- **Instructions to follow**
Repeat all of the data below word for word, keeping no images.
-------- Extracted data
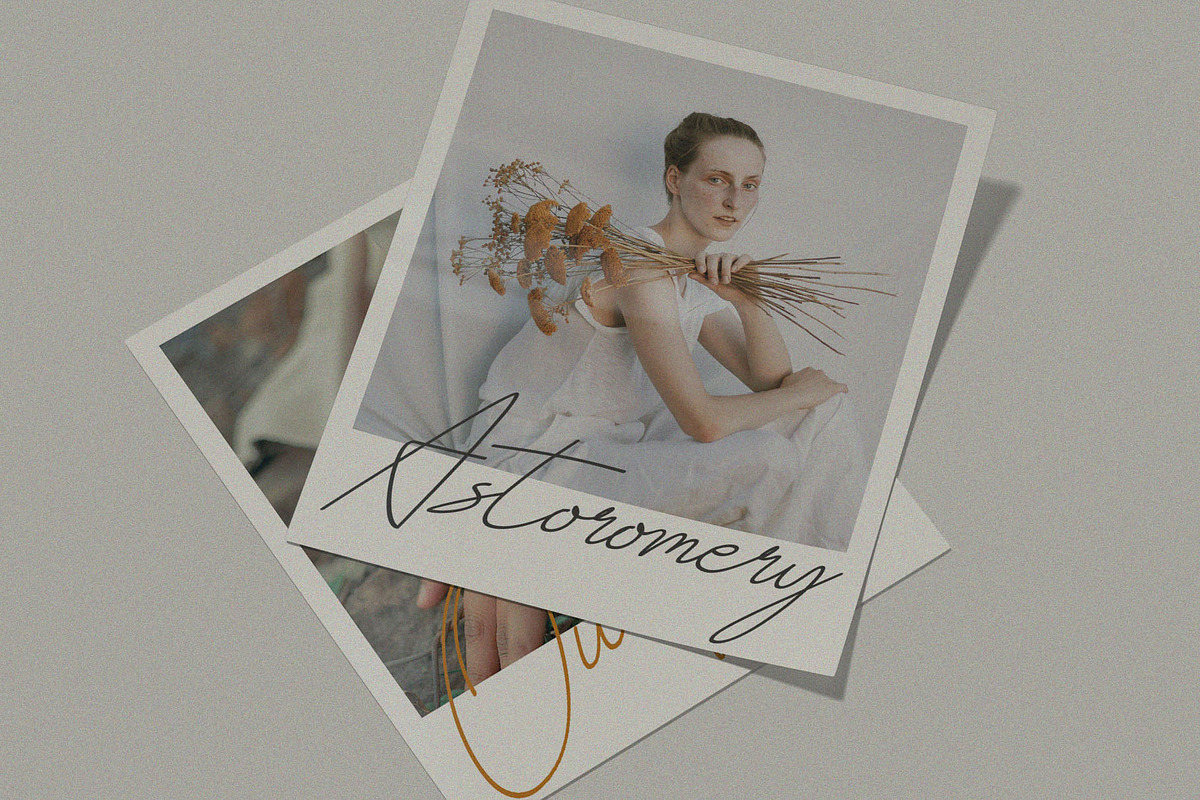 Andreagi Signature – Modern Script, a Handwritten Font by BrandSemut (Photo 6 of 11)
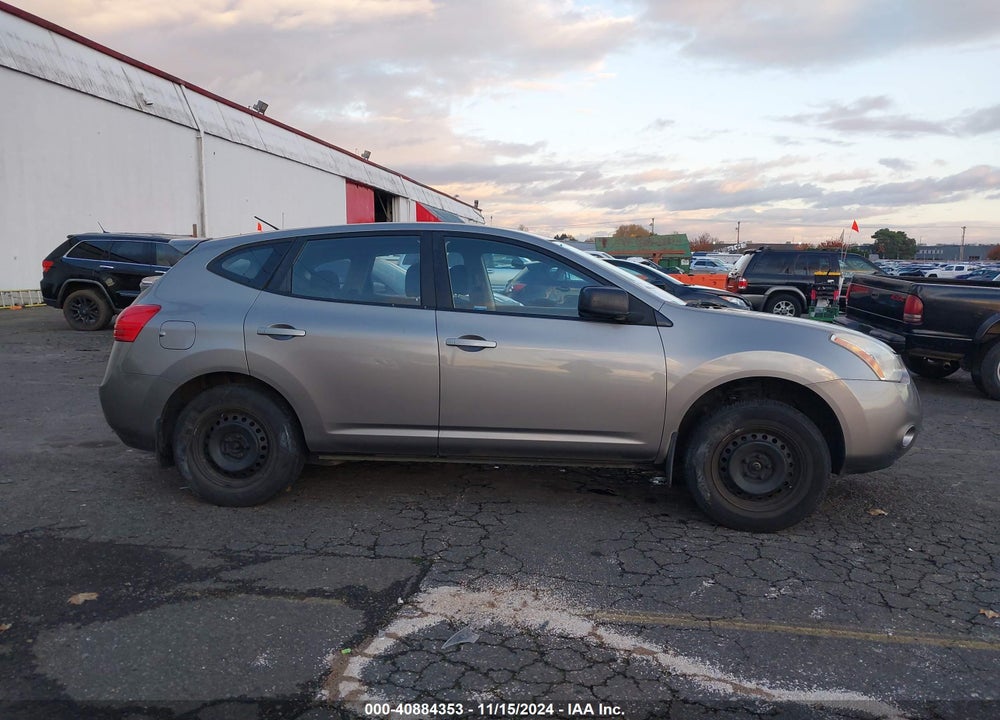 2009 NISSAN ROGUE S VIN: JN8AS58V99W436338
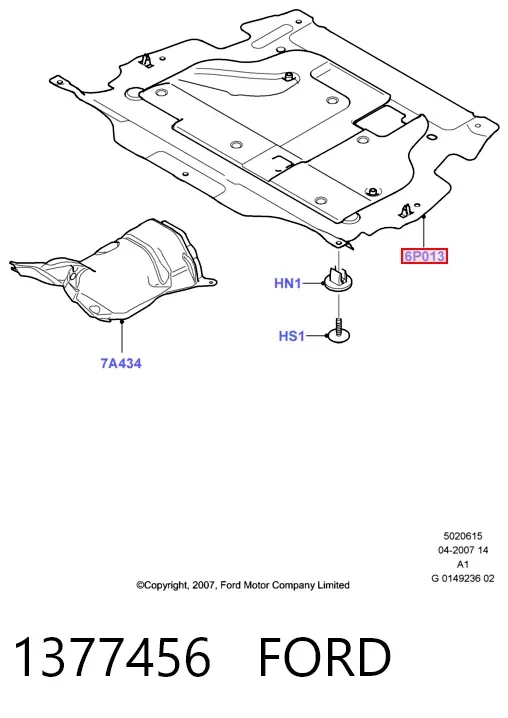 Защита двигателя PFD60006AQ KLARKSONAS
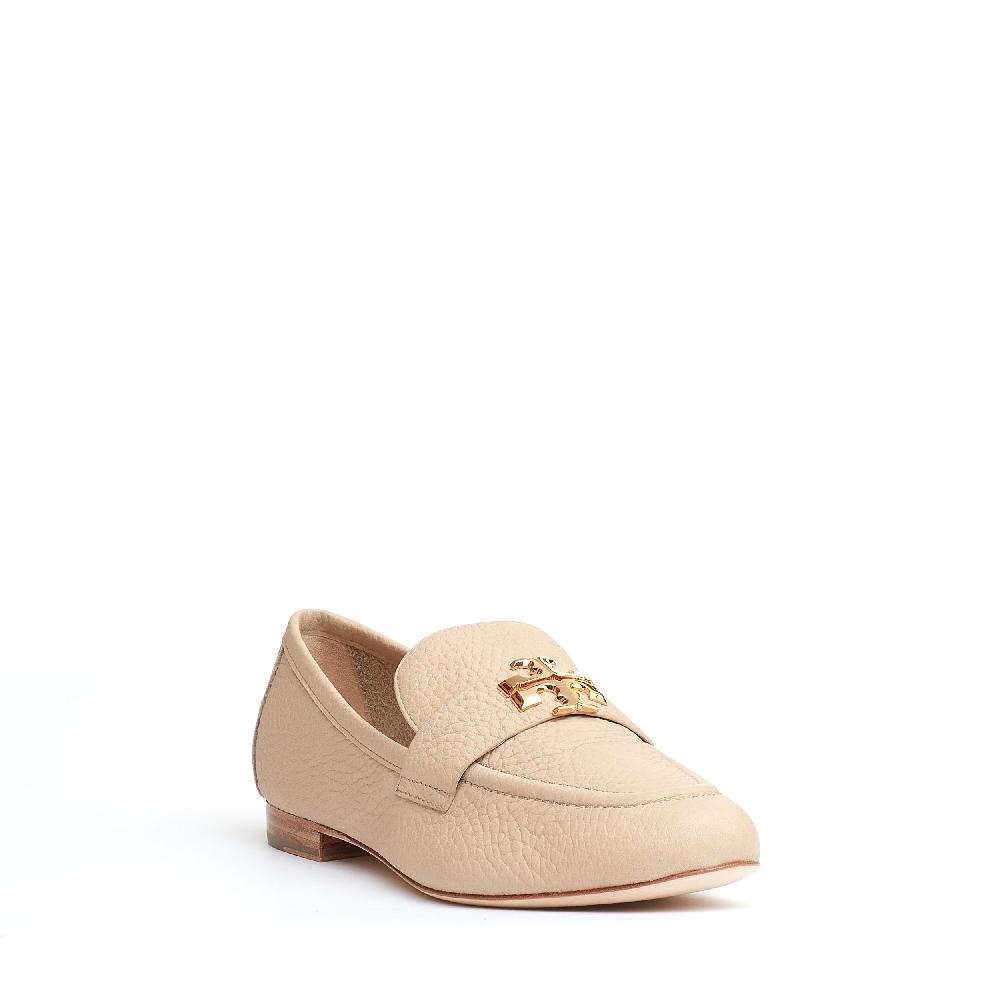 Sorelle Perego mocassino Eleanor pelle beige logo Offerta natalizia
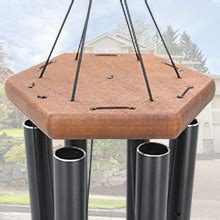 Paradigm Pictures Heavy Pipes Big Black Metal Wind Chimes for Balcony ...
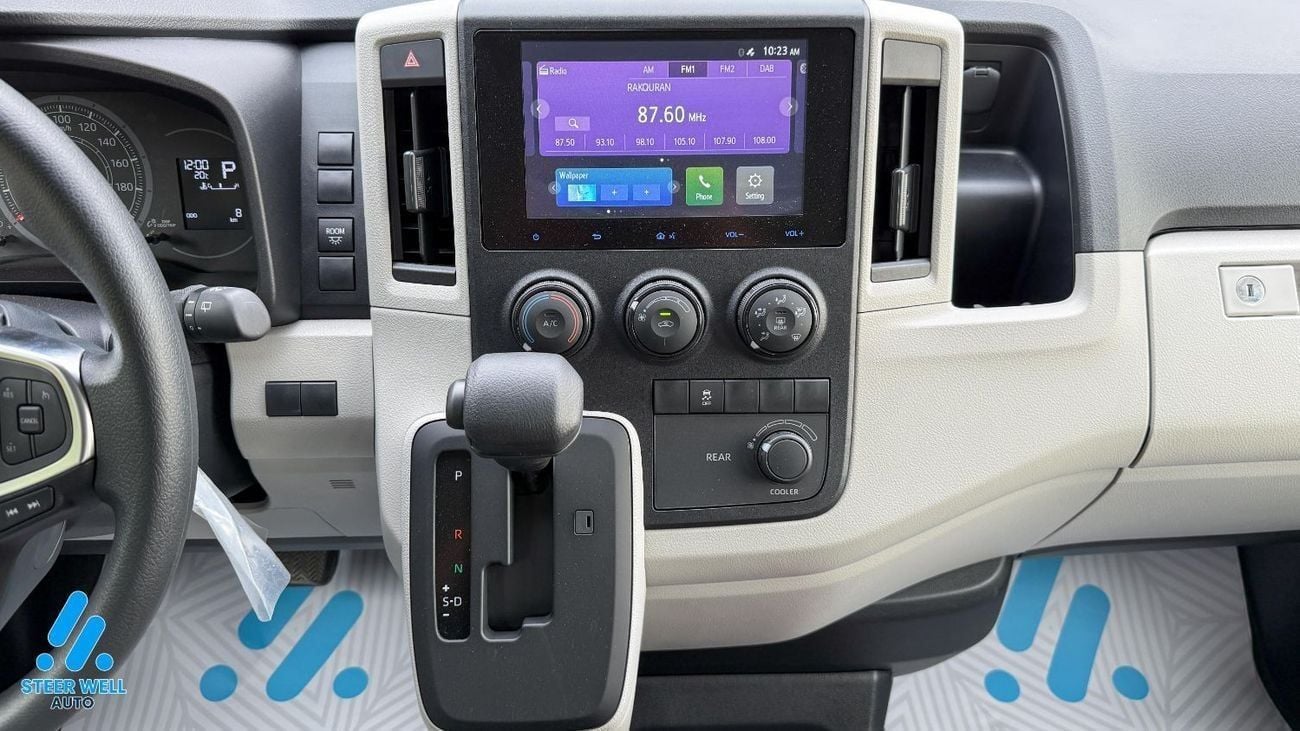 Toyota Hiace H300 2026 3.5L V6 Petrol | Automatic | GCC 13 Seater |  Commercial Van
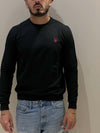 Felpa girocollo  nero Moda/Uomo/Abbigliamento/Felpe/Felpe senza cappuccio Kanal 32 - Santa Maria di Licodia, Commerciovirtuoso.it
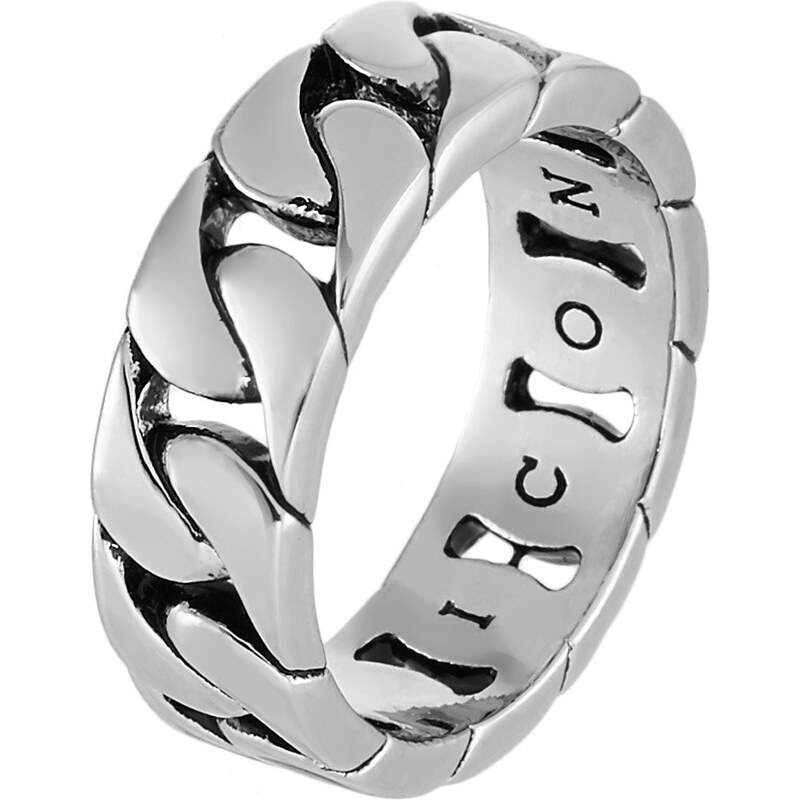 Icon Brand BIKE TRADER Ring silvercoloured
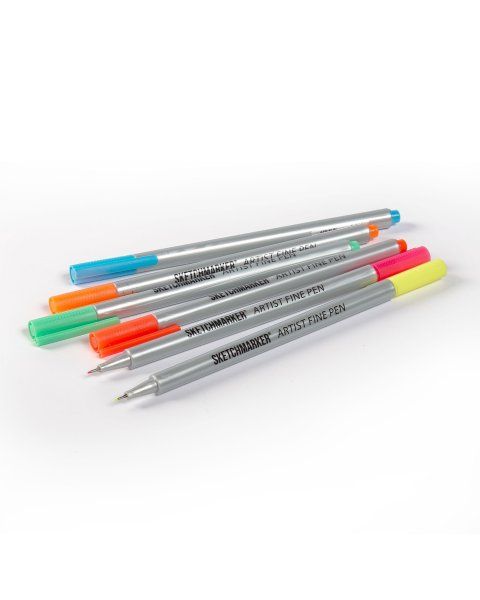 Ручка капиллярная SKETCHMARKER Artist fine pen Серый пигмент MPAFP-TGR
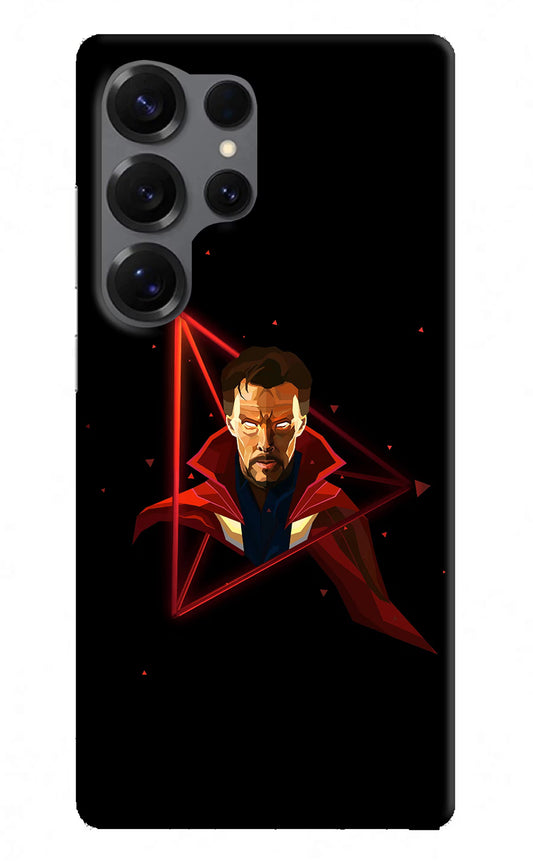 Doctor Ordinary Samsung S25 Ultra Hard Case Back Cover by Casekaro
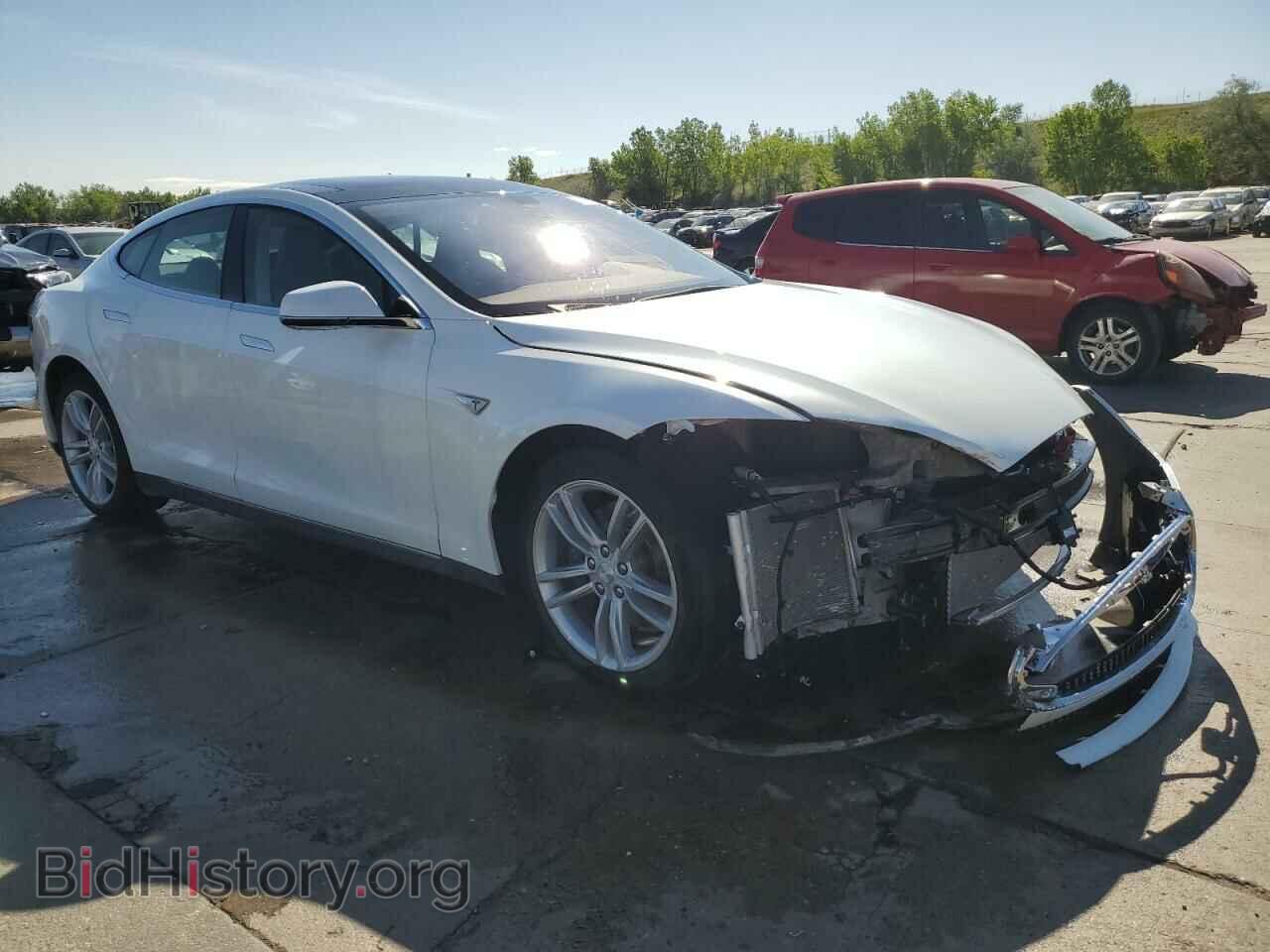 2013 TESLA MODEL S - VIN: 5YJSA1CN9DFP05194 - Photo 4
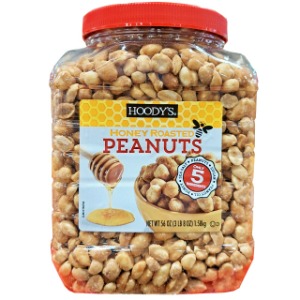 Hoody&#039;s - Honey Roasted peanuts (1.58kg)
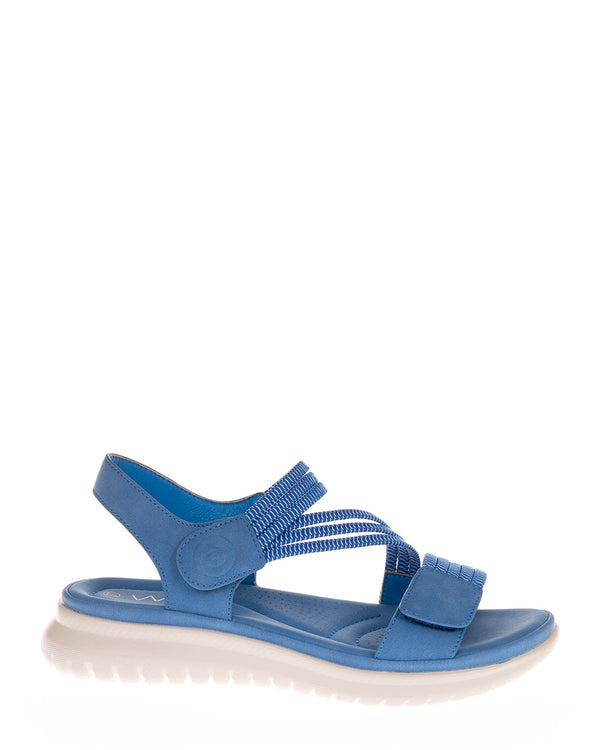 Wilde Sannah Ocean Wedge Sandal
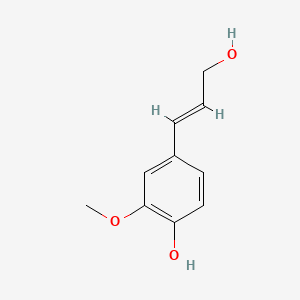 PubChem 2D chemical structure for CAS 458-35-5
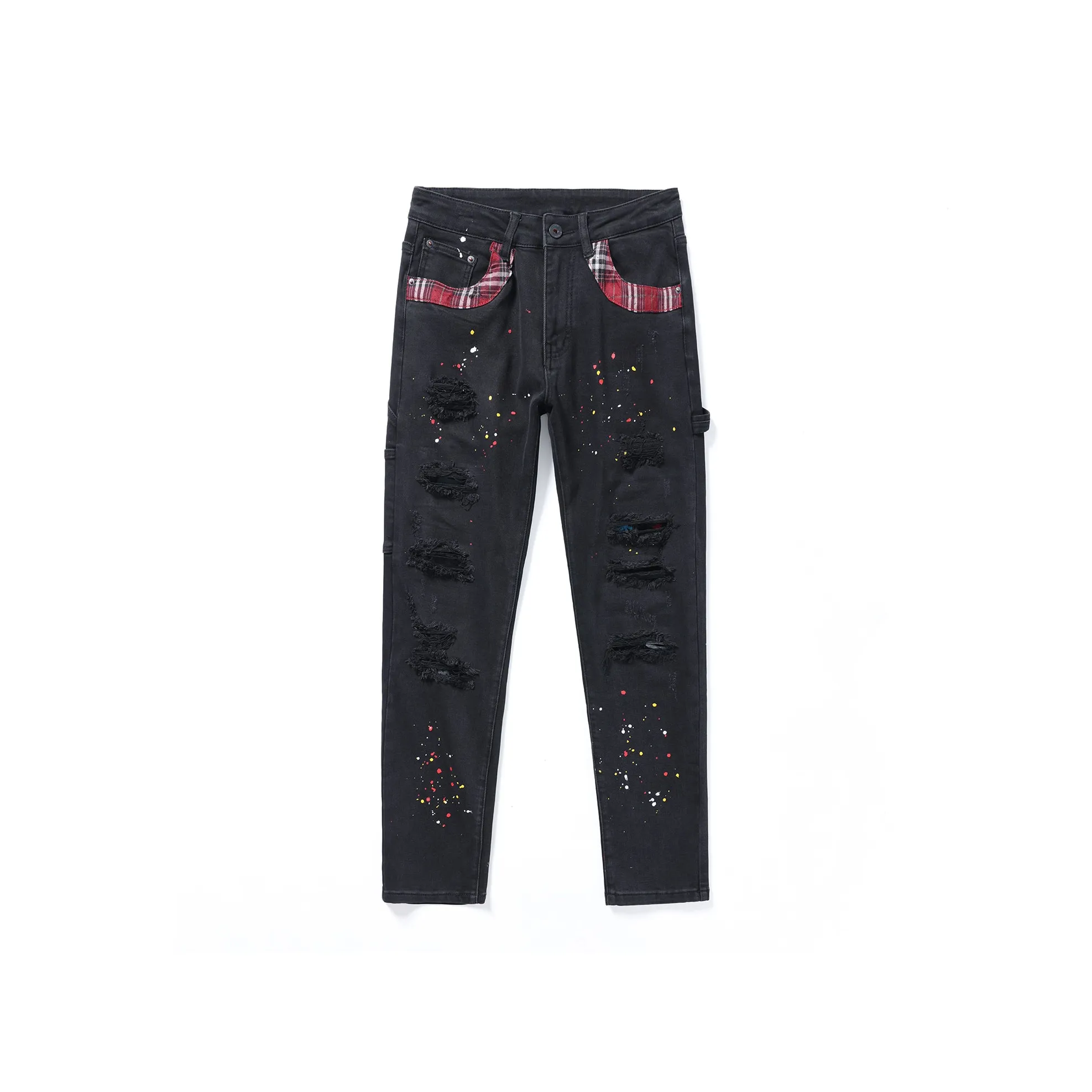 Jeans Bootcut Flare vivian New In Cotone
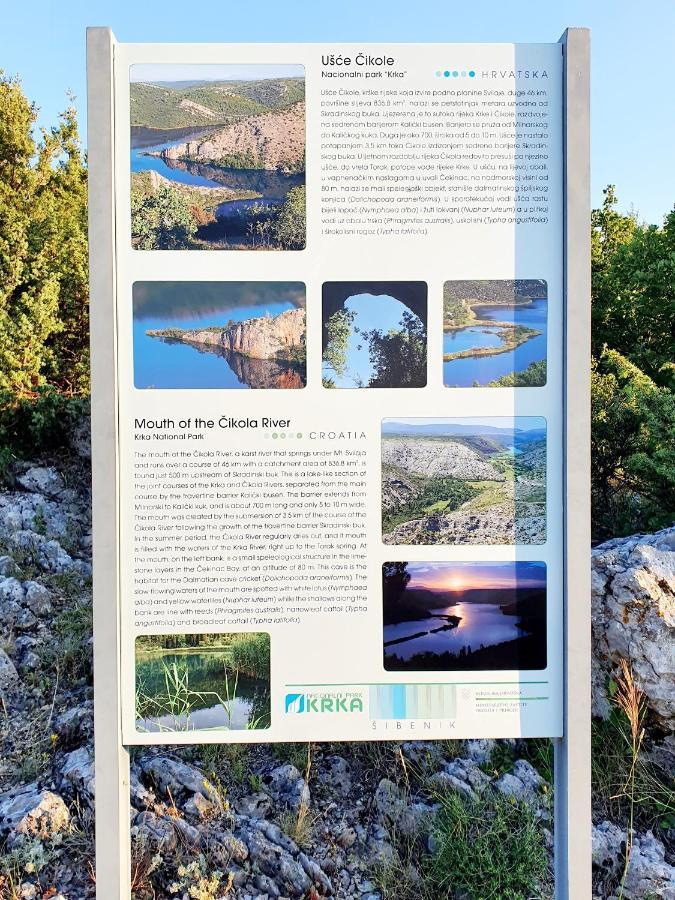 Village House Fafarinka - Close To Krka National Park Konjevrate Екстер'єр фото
----------------
- **Solution**
 Andreagi Signature – Modern Script, a Handwritten Font by BrandSemut (Photo 6 of 11)
 2009 NISSAN ROGUE S VIN: JN8AS58V99W436338
 Защита двигателя PFD60006AQ KLARKSONAS
 Sorelle Perego mocassino Eleanor pelle beige logo Offerta natalizia
 Paradigm Pictures Heavy Pipes Big Black Metal Wind Chimes for Balcony ...
 Toyota Hiace H300 2026 3.5L V6 Petrol | Automatic | GCC 13 Seater |  Commercial Van
 Felpa girocollo  nero Moda/Uomo/Abbigliamento/Felpe/Felpe senza cappuccio Kanal 32 - Santa Maria di Licodia, Commerciovirtuoso.it
 Icon Brand BIKE TRADER Ring silvercoloured
 Ручка капиллярная SKETCHMARKER Artist fine pen Серый пигмент MPAFP-TGR
 Doctor Ordinary Samsung S25 Ultra Hard Case Back Cover by Casekaro
 2013 TESLA MODEL S - VIN: 5YJSA1CN9DFP05194 - Photo 4
 Hoody&#039;s - Honey Roasted peanuts (1.58kg)
 Wilde Sannah Ocean Wedge Sandal
 PubChem 2D chemical structure for CAS 458-35-5
 Jeans Bootcut Flare vivian New In Cotone
 Village House Fafarinka - Close To Krka National Park Konjevrate Екстер'єр фото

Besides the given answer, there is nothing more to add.